Goal of the exercise: Below are some records. Return exactly the lines from the one containing "Diablo DMD2564JB Metal" through the one containing "Greece 4 -- Foiling", both included, and only those.

Exercise data:
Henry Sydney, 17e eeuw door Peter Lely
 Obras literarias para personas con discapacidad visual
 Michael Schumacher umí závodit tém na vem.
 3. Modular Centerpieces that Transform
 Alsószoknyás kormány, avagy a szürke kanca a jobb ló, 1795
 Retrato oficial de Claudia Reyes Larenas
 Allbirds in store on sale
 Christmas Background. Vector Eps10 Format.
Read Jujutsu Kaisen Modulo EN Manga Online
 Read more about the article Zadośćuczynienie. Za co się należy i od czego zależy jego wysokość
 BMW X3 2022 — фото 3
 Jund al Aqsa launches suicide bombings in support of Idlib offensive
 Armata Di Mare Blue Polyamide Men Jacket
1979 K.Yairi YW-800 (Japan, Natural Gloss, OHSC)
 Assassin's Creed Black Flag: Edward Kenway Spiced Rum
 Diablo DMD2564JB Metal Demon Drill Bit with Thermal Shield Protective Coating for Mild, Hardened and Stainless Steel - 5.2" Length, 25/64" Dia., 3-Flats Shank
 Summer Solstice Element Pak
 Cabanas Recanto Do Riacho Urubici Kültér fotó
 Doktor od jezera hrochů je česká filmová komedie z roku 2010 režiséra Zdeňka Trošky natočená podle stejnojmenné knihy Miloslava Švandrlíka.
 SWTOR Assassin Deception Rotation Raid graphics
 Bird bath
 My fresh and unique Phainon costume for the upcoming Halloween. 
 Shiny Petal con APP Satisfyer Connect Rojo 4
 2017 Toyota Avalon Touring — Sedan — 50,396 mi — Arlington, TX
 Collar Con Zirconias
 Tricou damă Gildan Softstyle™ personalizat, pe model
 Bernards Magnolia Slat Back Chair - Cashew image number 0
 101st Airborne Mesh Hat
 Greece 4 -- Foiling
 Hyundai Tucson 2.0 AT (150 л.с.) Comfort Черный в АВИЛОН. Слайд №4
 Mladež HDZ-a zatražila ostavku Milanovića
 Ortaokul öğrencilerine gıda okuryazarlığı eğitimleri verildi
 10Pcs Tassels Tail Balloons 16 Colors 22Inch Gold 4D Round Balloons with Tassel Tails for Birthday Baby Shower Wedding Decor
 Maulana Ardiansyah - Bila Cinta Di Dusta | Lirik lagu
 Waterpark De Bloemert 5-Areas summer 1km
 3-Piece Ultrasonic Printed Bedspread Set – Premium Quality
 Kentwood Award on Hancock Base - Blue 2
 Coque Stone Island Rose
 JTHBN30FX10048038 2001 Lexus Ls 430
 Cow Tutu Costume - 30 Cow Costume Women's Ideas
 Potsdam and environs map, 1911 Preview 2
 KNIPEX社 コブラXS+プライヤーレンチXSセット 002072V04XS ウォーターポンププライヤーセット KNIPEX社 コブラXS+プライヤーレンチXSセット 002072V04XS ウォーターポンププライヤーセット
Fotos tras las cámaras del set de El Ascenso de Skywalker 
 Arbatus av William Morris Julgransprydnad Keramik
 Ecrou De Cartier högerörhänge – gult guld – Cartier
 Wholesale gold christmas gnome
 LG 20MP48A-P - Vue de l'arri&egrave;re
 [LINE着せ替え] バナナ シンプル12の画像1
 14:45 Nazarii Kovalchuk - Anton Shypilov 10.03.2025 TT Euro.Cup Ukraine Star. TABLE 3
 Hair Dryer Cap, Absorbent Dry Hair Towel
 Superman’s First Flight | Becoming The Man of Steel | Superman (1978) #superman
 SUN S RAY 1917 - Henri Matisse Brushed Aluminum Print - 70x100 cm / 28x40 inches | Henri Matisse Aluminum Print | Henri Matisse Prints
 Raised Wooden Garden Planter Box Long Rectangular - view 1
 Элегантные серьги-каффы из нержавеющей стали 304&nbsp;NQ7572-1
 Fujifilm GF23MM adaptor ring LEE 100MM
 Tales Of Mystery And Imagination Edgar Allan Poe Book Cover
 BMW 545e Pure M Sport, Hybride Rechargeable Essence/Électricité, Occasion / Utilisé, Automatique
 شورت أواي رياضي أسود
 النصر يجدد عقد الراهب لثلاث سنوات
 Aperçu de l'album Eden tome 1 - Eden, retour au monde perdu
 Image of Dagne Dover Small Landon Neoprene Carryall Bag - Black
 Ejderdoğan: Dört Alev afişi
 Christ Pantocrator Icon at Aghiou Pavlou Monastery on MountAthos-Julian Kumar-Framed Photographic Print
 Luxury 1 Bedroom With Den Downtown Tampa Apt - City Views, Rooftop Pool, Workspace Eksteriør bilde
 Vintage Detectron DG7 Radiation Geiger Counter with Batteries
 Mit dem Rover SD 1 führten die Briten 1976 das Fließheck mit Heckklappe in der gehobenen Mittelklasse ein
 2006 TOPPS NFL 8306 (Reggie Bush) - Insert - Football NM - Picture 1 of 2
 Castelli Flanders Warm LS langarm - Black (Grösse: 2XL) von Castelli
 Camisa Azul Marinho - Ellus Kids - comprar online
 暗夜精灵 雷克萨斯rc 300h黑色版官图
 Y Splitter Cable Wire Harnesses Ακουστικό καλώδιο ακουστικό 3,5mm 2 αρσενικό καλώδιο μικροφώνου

Solved problem:
 Diablo DMD2564JB Metal Demon Drill Bit with Thermal Shield Protective Coating for Mild, Hardened and Stainless Steel - 5.2" Length, 25/64" Dia., 3-Flats Shank
 Summer Solstice Element Pak
 Cabanas Recanto Do Riacho Urubici Kültér fotó
 Doktor od jezera hrochů je česká filmová komedie z roku 2010 režiséra Zdeňka Trošky natočená podle stejnojmenné knihy Miloslava Švandrlíka.
 SWTOR Assassin Deception Rotation Raid graphics
 Bird bath
 My fresh and unique Phainon costume for the upcoming Halloween. 
 Shiny Petal con APP Satisfyer Connect Rojo 4
 2017 Toyota Avalon Touring — Sedan — 50,396 mi — Arlington, TX
 Collar Con Zirconias
 Tricou damă Gildan Softstyle™ personalizat, pe model
 Bernards Magnolia Slat Back Chair - Cashew image number 0
 101st Airborne Mesh Hat
 Greece 4 -- Foiling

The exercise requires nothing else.